# [Given entries]
= = = = = = =
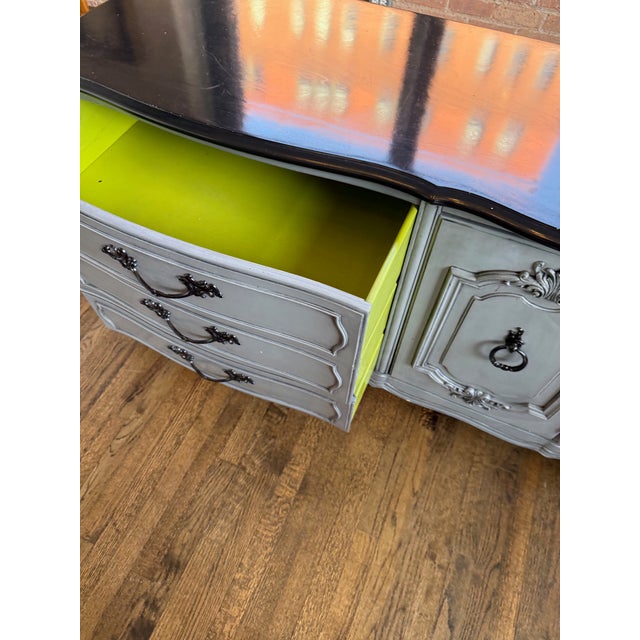 Late 20th Century Refinished French Provincial 9-Drawer Dresser For Sale In Chicago - Image 6 of 8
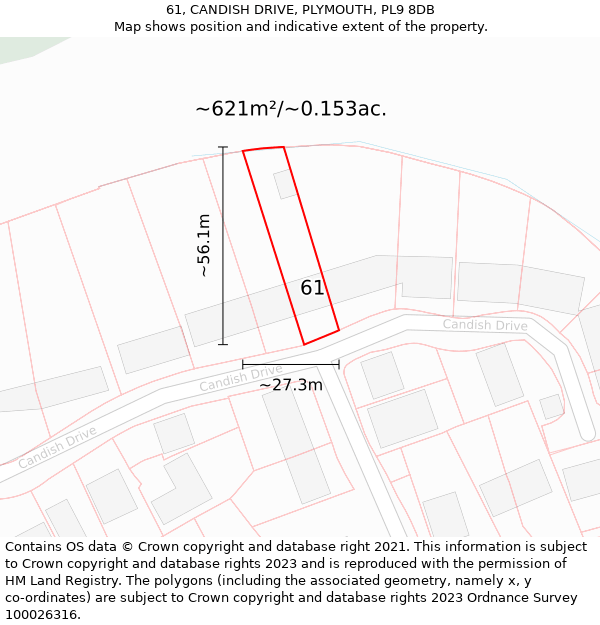 61, CANDISH DRIVE, PLYMOUTH, PL9 8DB: Plot and title map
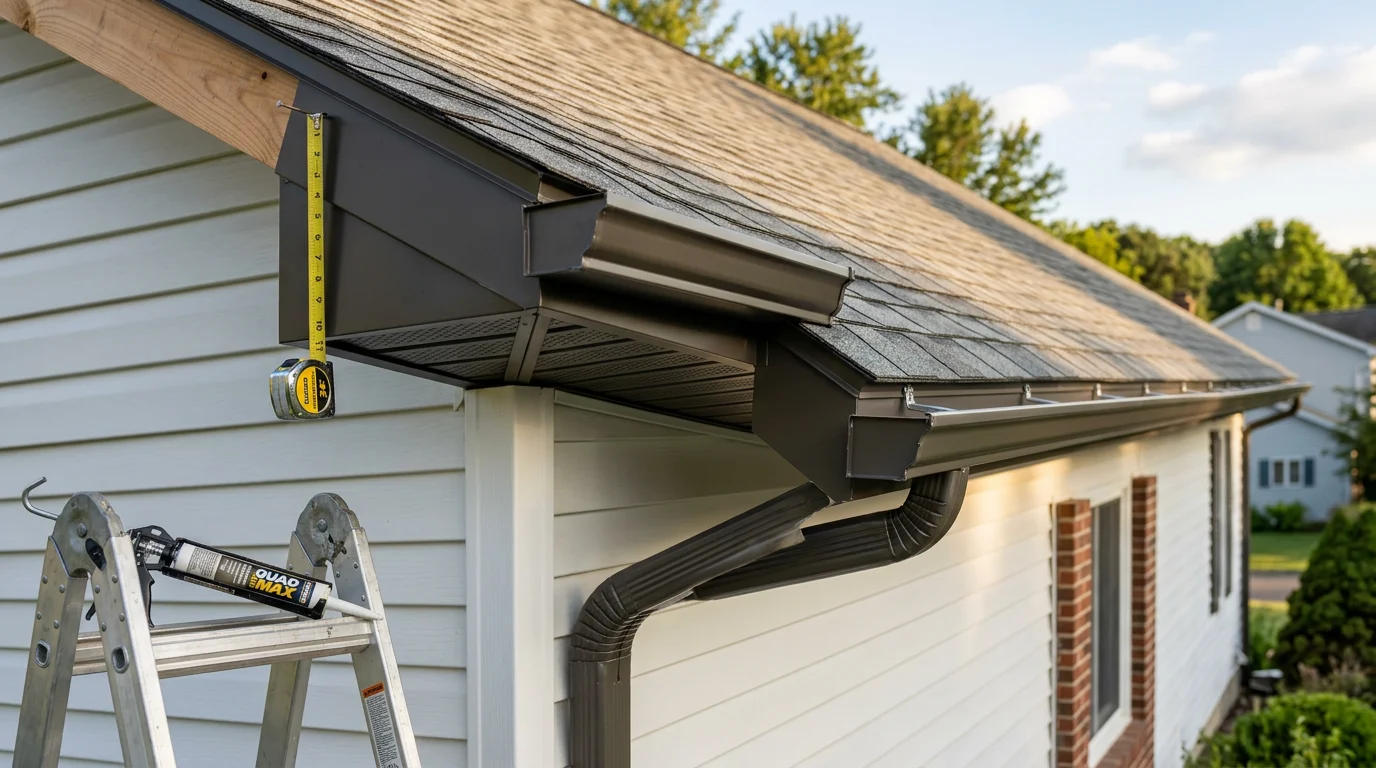 A Fit and Finish Construction crew member inspecting and cleaning the siding on a residential home in Vestal, New York, with attention to caulk lines and corner trim joints.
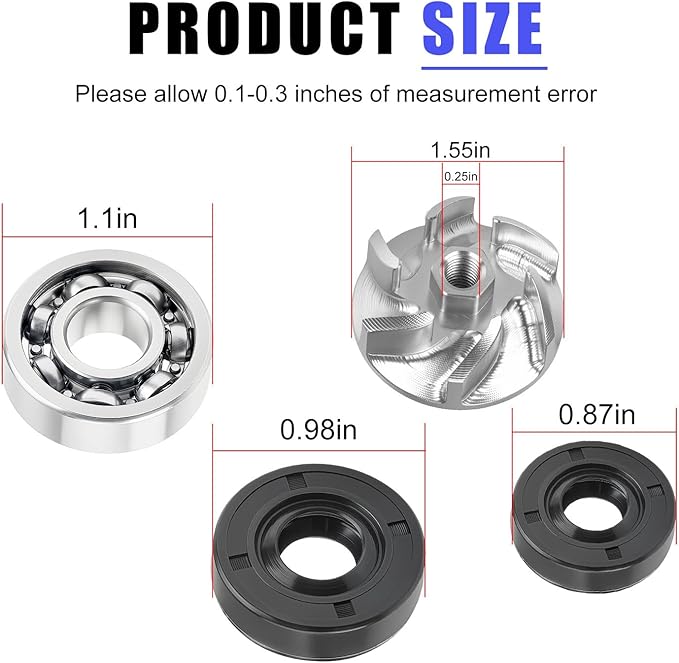 Water Pump Impeller & Gasket Rebuild Kit for Honda CR500R 1986-2001 19215-KA5-690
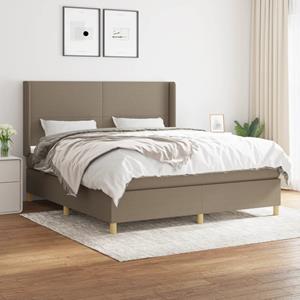 VidaXL Boxspring met matras stof taupe 180x200 cm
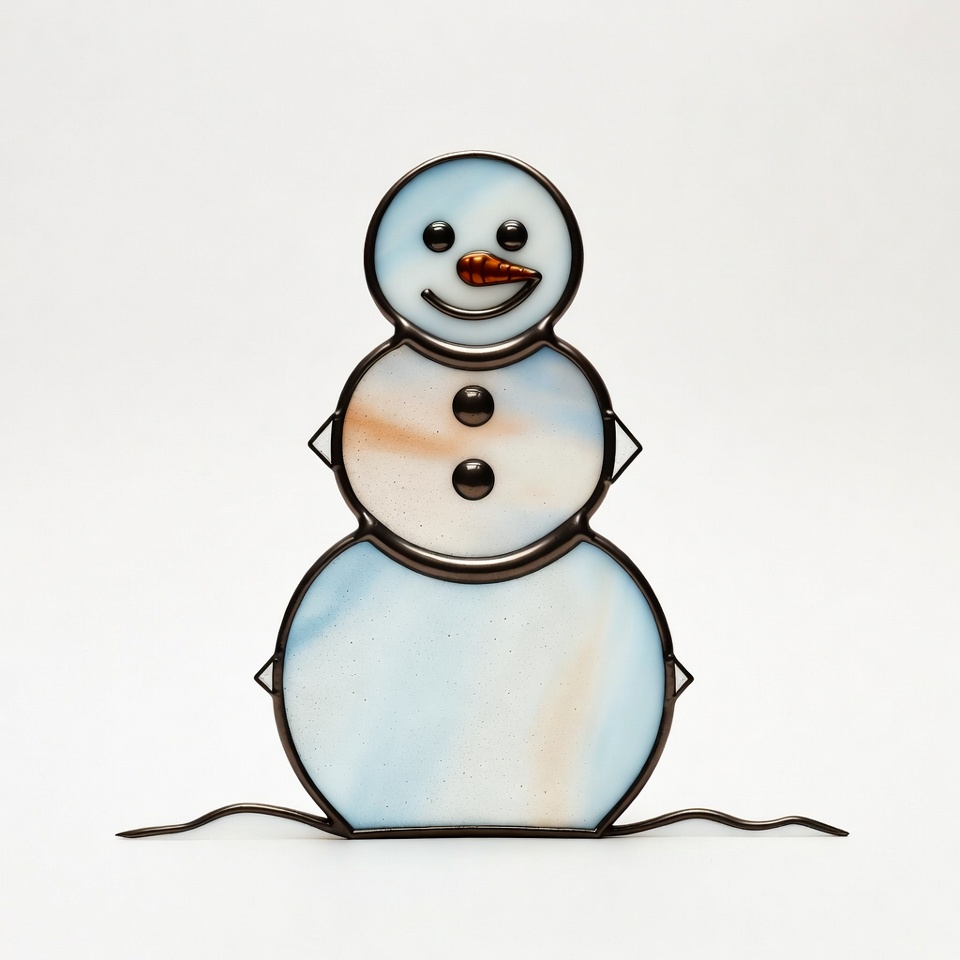 Stained Glass Snowman Figure Stained Glass Snowman Figure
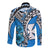 (Custom Personalised) Wallis et Futuna Hawaii Long Sleeve Button Shirt Polynesian Pattern and Hibiscus Flowers Version Blue LT13 - Polynesian Pride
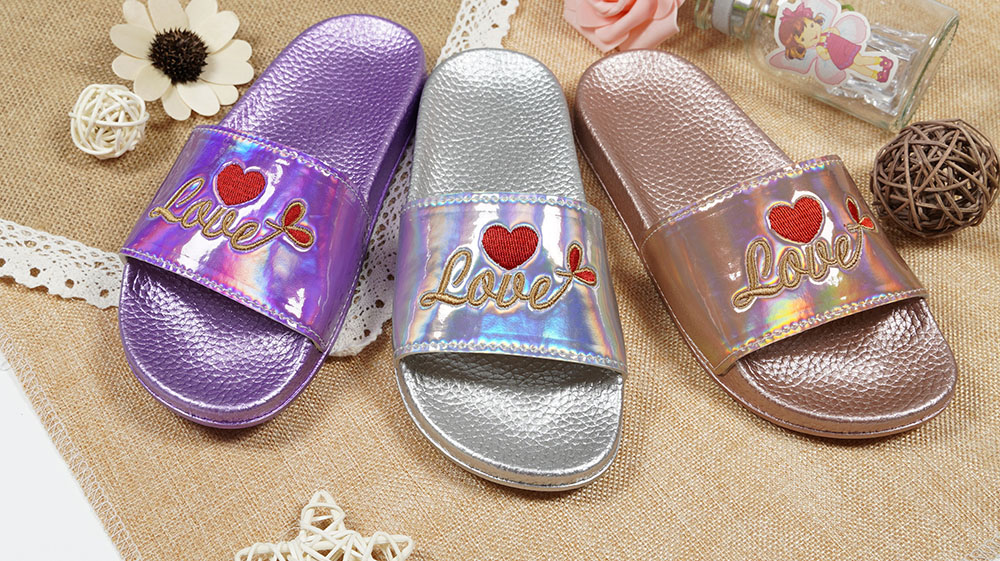 Girls-Holographic-Rose-Gold-Love-Embroidered-Waterproof-Slippers-NMD8010G-3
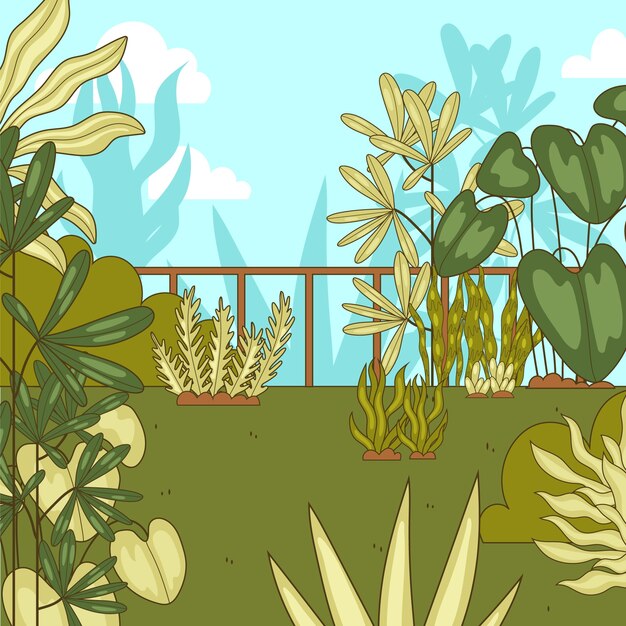 Ilustración de jardín botánico dibujado a mano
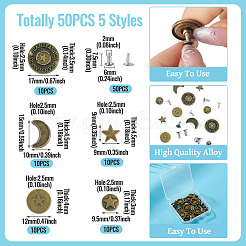 50Pcs 5 Styles Alloy River Studs&nbsp;FIND-TA0009-69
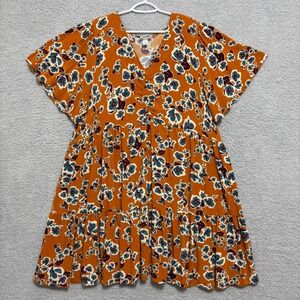 Ava & Viv 3X Floral Babydoll Midi Dress Tiered Short Sleeve Pockets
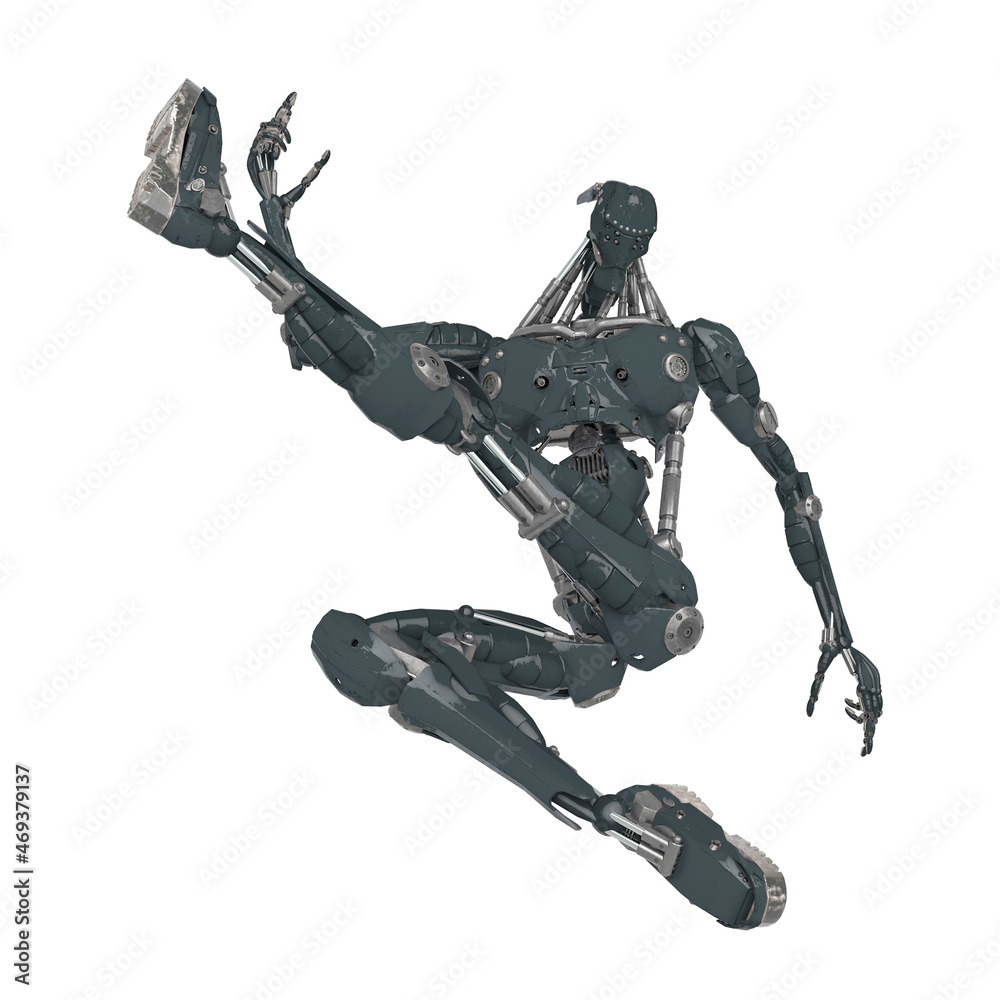 mechanical soldier kicking up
= = = = = = =
# [How to complete this task]
Locate the line containing "Ava & Viv 3X" in the records above, then output it and every line after it through the last, excluding pictures.

# [Answer for the task]
 Ava & Viv 3X Floral Babydoll Midi Dress Tiered Short Sleeve Pockets
 mechanical soldier kicking up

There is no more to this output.